Would adding sea salt in my tank affect my plants? I need brackish water and I have about 8 ppt salinity.


----------



## maknwar (Jul 16, 2007)

that will kill them. Lower concentrations will not hurt plants, such as adding it for treatment purposes but not brackish.


----------



## MiGsTeR (Jan 19, 2008)

Even if its the very light side of brackish? Its only 1.005 specific gravity


----------



## maknwar (Jul 16, 2007)

over 1.004, your not going to have good luck.


----------



## DiPpY eGgS (Mar 6, 2005)

I think maybe java ferns can grow, but not sure


----------



## CLUSTER ONE (Aug 2, 2006)

It probably sounds ironic but they would dehydrate in water with salt in it. Similar to driveway salt on grass.


----------



## MiGsTeR (Jan 19, 2008)

I was reading about brackish plants and some fresh water plants can strive in a 1.005 specific gravity. The good thing is 2 of my 3 plants might have a chance.











sean-820 said:


> It probably sounds ironic but they would dehydrate in water with salt in it. Similar to driveway salt on grass.
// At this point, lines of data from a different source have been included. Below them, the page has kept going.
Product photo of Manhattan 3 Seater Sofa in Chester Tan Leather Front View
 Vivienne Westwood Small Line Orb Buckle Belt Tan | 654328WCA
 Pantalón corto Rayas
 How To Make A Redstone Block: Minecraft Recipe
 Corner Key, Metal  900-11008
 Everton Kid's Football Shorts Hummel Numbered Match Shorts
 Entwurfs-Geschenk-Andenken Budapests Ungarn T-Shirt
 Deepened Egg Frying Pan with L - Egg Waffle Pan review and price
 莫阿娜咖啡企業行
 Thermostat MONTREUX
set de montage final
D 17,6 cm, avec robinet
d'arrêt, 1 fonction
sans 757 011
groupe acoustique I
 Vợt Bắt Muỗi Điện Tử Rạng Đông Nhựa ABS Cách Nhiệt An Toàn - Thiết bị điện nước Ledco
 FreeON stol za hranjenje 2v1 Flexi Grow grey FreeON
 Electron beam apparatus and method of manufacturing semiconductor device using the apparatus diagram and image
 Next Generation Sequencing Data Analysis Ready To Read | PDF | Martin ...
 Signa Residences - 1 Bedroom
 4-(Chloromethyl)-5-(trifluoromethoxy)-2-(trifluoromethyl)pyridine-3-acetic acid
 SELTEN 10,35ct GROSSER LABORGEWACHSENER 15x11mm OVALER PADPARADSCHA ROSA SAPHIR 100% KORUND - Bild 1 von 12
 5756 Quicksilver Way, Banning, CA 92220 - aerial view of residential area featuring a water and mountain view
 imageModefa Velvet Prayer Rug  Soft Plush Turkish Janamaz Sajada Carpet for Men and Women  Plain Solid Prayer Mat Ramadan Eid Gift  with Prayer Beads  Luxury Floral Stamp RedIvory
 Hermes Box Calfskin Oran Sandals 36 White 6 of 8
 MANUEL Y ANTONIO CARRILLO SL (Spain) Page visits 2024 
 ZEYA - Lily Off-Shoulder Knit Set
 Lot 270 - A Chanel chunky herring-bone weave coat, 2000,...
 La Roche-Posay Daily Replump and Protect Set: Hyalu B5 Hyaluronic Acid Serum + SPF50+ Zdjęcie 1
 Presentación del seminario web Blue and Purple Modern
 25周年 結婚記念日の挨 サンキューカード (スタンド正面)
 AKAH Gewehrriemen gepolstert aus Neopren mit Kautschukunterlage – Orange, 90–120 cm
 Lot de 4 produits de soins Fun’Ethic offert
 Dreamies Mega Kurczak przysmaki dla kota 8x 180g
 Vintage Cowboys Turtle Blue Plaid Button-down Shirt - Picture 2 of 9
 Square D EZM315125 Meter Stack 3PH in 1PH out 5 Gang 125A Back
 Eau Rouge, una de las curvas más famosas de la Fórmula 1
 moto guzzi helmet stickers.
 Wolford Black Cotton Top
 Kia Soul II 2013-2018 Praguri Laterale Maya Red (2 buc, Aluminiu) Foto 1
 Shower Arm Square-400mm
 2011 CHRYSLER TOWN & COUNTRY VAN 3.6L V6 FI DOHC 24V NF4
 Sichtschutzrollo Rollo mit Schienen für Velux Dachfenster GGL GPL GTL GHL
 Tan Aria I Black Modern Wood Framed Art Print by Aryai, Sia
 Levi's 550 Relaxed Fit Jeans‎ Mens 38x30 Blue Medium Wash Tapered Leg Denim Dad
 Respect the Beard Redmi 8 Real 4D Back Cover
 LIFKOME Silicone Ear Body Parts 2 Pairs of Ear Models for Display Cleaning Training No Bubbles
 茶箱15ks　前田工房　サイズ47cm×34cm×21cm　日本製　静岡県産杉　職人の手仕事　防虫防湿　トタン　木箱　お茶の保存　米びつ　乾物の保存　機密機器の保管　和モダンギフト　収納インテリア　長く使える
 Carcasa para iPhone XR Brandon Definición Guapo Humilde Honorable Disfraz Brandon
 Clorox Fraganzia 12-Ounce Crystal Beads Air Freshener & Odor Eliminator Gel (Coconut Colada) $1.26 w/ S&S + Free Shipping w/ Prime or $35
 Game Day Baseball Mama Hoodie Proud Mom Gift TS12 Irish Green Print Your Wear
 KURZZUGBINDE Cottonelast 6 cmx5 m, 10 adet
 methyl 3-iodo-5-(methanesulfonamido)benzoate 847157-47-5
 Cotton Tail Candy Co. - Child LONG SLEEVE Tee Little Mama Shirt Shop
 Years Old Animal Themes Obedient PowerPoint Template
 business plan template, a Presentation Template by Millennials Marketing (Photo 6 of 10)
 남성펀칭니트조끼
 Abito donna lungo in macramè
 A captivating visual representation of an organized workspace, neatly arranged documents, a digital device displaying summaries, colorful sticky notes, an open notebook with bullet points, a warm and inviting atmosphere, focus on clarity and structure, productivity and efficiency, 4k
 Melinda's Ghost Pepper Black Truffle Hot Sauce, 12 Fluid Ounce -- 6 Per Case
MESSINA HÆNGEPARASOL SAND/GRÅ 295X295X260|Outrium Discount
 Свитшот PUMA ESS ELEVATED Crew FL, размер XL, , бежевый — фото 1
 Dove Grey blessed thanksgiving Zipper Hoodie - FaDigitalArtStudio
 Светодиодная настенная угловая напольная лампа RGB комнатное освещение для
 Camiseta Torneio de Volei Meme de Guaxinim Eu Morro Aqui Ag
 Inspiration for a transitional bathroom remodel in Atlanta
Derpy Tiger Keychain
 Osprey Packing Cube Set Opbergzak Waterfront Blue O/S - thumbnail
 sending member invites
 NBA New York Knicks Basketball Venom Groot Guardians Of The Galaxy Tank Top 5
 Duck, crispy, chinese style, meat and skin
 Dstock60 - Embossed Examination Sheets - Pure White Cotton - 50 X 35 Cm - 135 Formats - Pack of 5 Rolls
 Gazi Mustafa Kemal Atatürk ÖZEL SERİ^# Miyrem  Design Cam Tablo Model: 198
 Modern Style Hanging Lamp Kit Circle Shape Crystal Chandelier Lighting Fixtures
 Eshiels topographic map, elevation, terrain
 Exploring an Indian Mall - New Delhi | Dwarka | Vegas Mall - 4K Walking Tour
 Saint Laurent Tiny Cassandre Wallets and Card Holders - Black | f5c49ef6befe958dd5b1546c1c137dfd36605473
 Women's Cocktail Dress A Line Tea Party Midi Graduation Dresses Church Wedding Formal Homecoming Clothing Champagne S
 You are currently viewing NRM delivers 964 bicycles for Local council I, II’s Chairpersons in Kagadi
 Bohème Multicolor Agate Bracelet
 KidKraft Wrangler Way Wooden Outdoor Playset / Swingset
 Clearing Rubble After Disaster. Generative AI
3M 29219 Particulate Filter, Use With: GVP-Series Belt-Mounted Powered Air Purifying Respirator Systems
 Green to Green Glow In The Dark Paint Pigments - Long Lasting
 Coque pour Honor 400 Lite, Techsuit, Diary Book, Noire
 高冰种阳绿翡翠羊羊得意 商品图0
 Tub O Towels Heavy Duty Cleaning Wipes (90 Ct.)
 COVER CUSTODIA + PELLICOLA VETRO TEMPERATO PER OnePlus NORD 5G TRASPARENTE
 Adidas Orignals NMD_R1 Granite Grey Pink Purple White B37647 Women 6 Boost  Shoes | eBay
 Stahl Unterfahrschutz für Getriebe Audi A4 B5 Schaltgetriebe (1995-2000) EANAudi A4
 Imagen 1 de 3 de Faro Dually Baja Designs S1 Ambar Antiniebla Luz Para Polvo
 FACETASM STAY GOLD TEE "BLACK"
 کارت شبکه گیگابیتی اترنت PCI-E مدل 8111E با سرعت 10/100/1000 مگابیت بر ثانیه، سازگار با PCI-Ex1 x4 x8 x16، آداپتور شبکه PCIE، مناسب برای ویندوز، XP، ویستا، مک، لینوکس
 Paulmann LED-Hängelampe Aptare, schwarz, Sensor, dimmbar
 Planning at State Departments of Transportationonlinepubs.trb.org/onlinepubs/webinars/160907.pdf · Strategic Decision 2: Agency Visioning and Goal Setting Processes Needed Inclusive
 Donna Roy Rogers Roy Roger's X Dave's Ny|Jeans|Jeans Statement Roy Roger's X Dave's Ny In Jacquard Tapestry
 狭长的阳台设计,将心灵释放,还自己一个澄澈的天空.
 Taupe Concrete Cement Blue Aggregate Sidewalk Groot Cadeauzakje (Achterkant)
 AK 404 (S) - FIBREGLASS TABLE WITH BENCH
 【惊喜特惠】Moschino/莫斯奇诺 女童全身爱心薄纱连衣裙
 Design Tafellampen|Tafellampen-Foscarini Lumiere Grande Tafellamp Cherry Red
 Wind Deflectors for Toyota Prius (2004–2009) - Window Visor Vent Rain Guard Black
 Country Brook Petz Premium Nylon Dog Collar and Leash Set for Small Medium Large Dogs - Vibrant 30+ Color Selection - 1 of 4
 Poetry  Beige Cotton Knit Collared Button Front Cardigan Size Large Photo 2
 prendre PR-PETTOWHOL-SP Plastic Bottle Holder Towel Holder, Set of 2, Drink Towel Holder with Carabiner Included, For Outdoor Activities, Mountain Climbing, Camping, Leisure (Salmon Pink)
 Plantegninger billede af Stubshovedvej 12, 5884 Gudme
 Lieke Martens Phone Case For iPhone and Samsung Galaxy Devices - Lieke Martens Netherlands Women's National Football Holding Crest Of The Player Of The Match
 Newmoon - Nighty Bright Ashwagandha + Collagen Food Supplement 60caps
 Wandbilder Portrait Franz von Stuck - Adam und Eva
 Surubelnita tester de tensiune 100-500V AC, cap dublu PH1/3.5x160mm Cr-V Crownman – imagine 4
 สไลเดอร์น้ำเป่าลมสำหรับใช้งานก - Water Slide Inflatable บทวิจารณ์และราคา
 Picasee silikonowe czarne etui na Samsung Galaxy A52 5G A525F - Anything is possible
I thought about the exact same thing. Lol


----------



## caribad (Jul 27, 2008)

Definately depends on the plant. Most aquatic plants sold will not do well (read turn brown and die) but some plants that naturally grow in coastal areas and salt marshes would love it. Most of those plants are not what most consider atractive, but beauty is in the eye of the beholder. Mangroves will grow in full strentgh saltwater, but they only grow as emergent plants-and get big!


----------



## maknwar (Jul 16, 2007)

Found this...

http://www.plantgeek.net/plantguide_list.php?category=8 These plants are under the brackish adaptable category.


----------